Semi-supervised Learning and Frame Rate
With the development of neural network toolkits it seems that the
technology reached the point where huge network can remember and
recognize almost everything as long as it was properly annotated in the
training database. It might not be practical for all applications, but it
works. For deployment, you can use distilled model which has reasonable
decoding speed and size.
The problem here is the training dataset - it is practically impossible
to prepare a properly annotated dataset accurately describing what is
going on in audio. To cover all possible accents, noises and nuances you
need to have a huge database of many thousand hours. Of course, such
database is not very accurately annotated and often contains mistakes.
Algorithms to detect mistakes, correct them and learn from them become
more and more important. Here we have semi-supervised learning (rebranded
as self-supervised learning), improved confidence measures, result
calibration. Overall approach looks like this:
- We have a huge teacher model which accurately recognizes speech
- We have student model for production
- Our databases are not well annotated.
The interesting point here is that teacher model doesn’t have to be fast,
it must be accurate enough to recognize training database data. And this
leads to the interesting consequence that we might review some of the
algorithms which we traditionally designed to work in production. We can
have a huge model learned with constrasive learning (wav2vec) as a
teacher model, this model can work from raw audio instead of mfcc, this
model can use huge memory database (Vosk model).
One example is the sample rate we use for training. While traditionally
we work with 16khz audio, nothing stops us from working with 48khz in
teacher model with high-quality speech recordings, it improves robustness
in noise for many cases.
Another interesting example of this is about frame rate we traditionally
use for speech recognition. Often it was 100 frames per second, with the
recent chain and e2e model frame rate is frequently reduced to just 30
frames per second. Such a rate is ok for slow speech like audiobooks,
sometimes ok for telephony like codecs. Although, in many cases in
conversational speech you might notice that chain models skip words
without any notice. The deletion rate of chain model is always higher
than the insertion rate. This is one of the signs that frame rate of 30
frames per second is sometimes not sufficient. Also note that if we use
CTC topology the smallest size of the unit we have is 2 frames, so the
smallest size of the sound change is 0.02 second. With standard
feed-forward HMM topology it is 0.03 seconds. With chain models with
subsampling it is 0.06 seconds. Pretty long to be honest. Also, one can
not guarantee that the phone boundary is multiple of 0.01 second, which
introduces noise in the models.
From investigation of the fast conventional conversational speech one can
figure out that the rate of the signal change in speech is much higher.
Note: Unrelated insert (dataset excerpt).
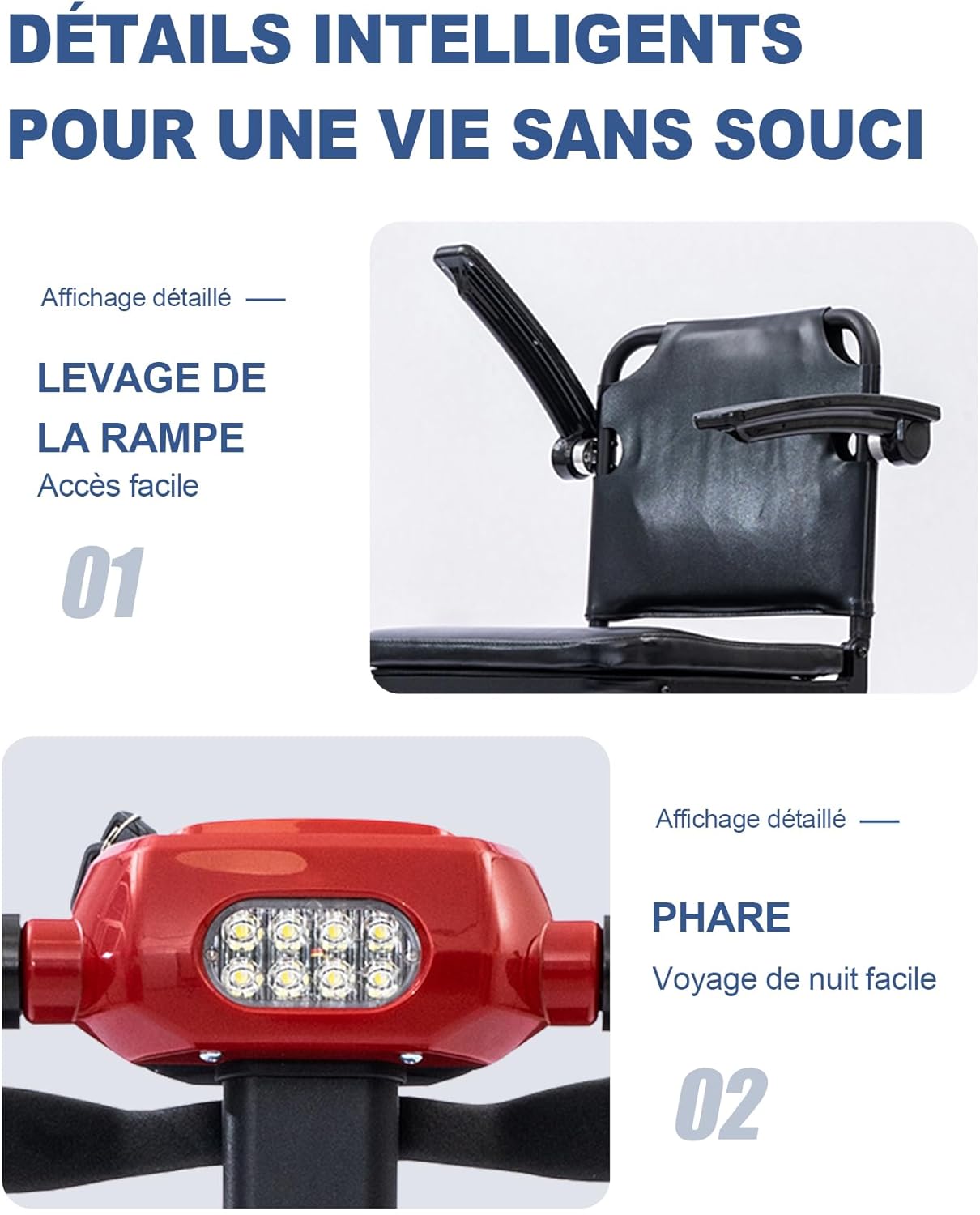 Z01 Elektromobil Klappbar für Senioren, 20KM Stabiler Mobilitätsroller 4 Räder (Rot)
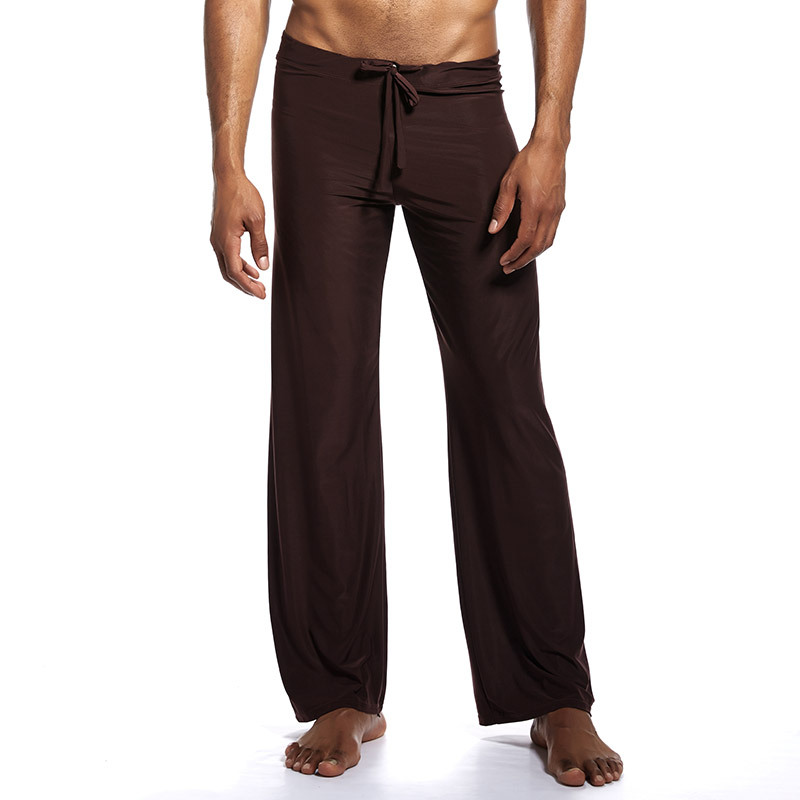 Men's Sleepwear Home Trousers Pajamas Solid Color Wide Loose Ice Silk Plus Size Trousers Yoga Pants Fashion Comfortable Homewear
To properly annotate the speech you need to have a frame rate of 200
frames per second or even 400. Phoneme might be just one pitch period
which could be as small as 1/ 400 Hz = 0.0025 second for children or
women speech. This idea is not very novel, it was investigated in the
End-to-End Speech Recognition with High-Frame-Rate Features Extraction by Cong-Thanh Do
and some earlier publications like:
On the Use of Variable Frame Rate Analysis in Speech Recognition
and many more like:
Impact of frame rate on automatic speech-text alignment for corpus-based phonetic studies
And, not surprisingly, the higher frame rate significantly improves
speech recognition accuracy for conversational speech. That’s an
interesting point to explore.
Of course one can go further and indeed check variable frame rate and
also consider something like wavelets for teacher model, even if wavelets
are slow they can give much better accuracy meaning you can teach the
student model better too. This is an interesting subject of research.